— Exercise prompt —
Print exactly the lines that run from the one containing "SHEIN 女款休閒花卉印花睡衣套裝 - 橘色 - 查看 4" to the final line of the data, both included, and print none of the pictures.

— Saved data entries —
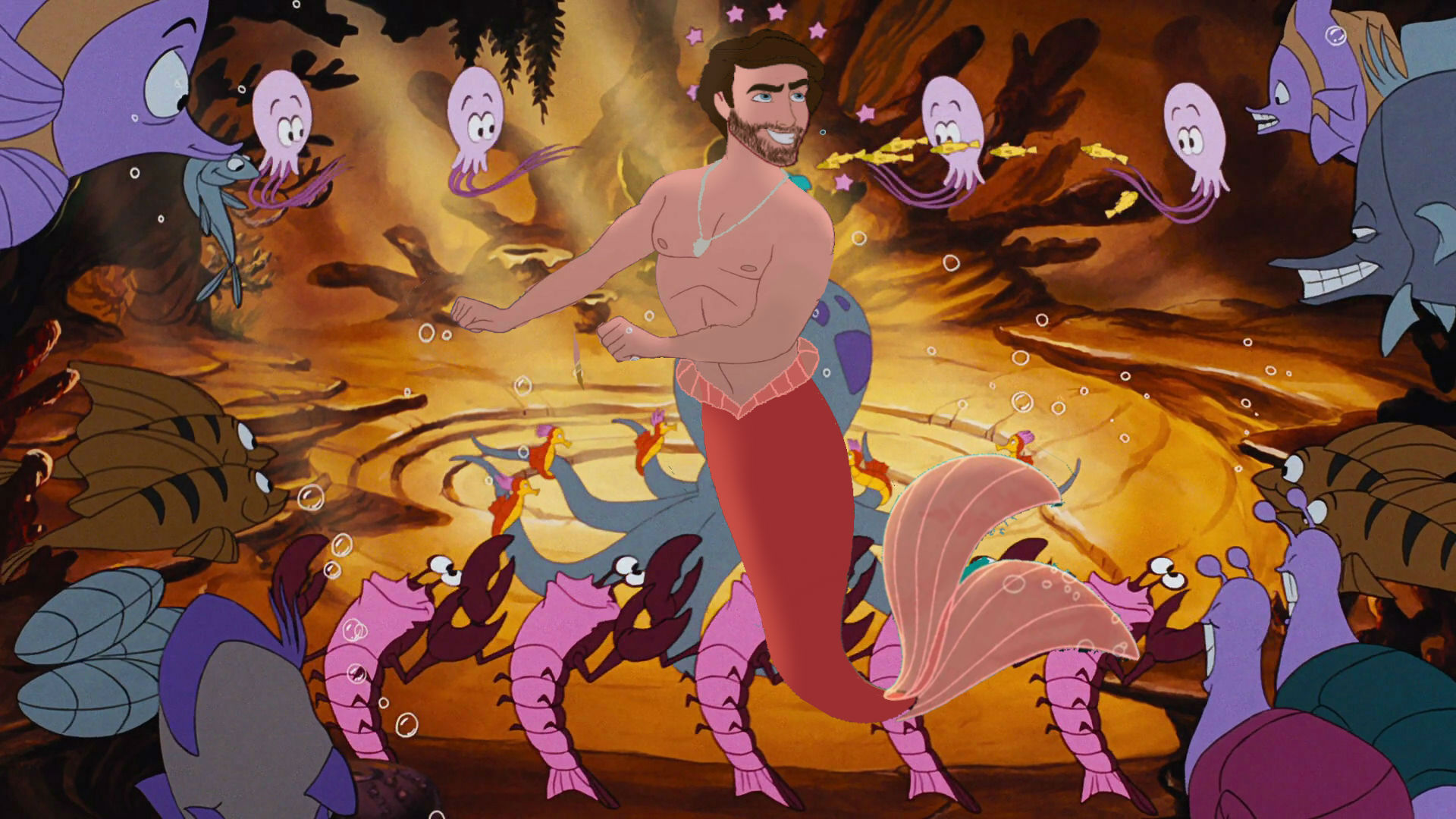 Myself Animated as a Merman Under the Sea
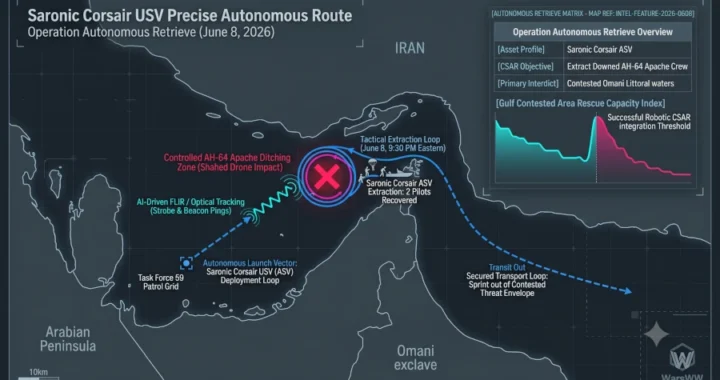 Detailed tactical military infographic mapping the precise autonomous route taken by the Saronic Corsair USV to locate and extract the two downed Apache helicopter pilots off the coast of Oman, June 8, 2026.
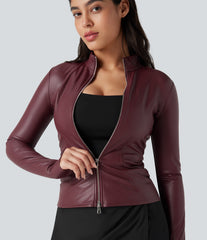 Stand Collar Long Sleeve Thumb Hole Fleece Casual PU Leather Jacket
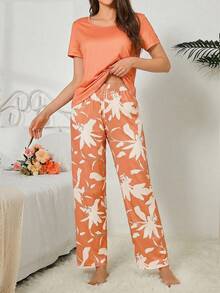 SHEIN 女款休閒花卉印花睡衣套裝 - 橘色 - 查看 4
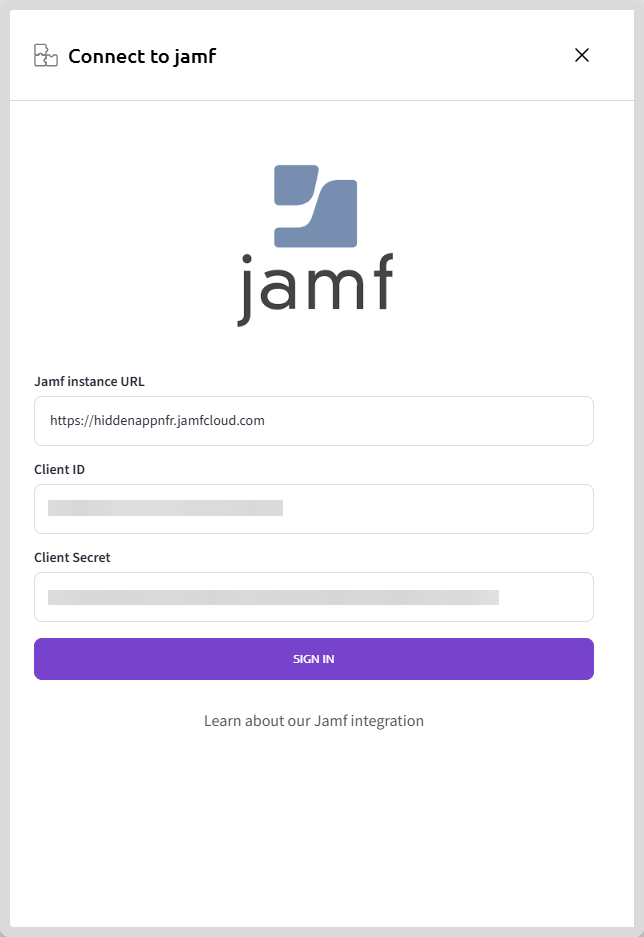 Enter Jamf instance details in Senturo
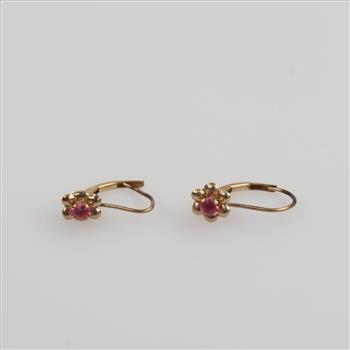 10kt Gold Pink Stone Flower Drop Earrings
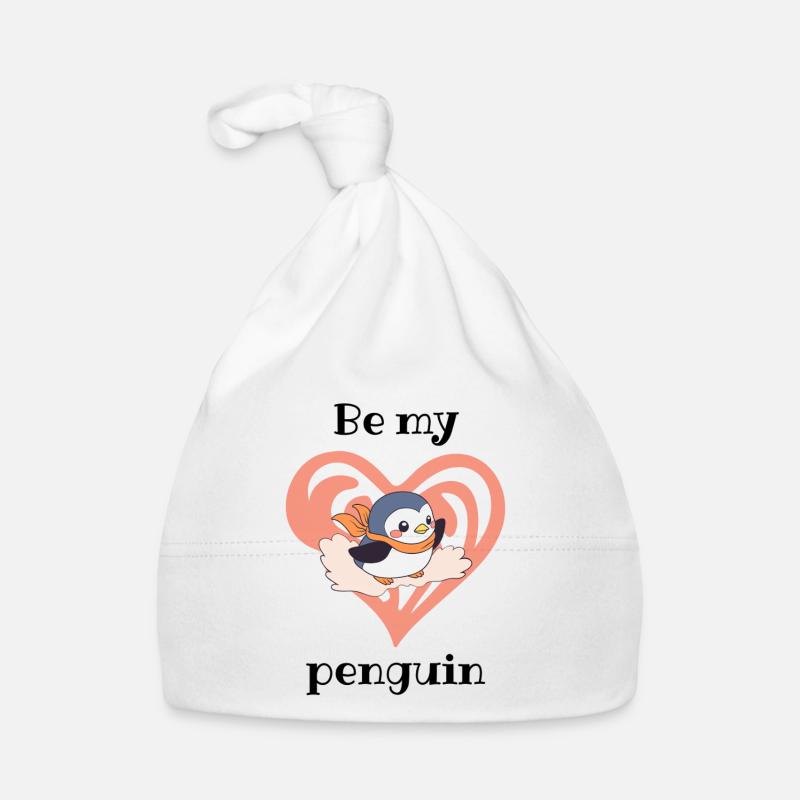 Herzpinguin mit Schal Baby Bio-Mütze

— Exercise result —
 SHEIN 女款休閒花卉印花睡衣套裝 - 橘色 - 查看 4
 Enter Jamf instance details in Senturo
 10kt Gold Pink Stone Flower Drop Earrings
 Herzpinguin mit Schal Baby Bio-Mütze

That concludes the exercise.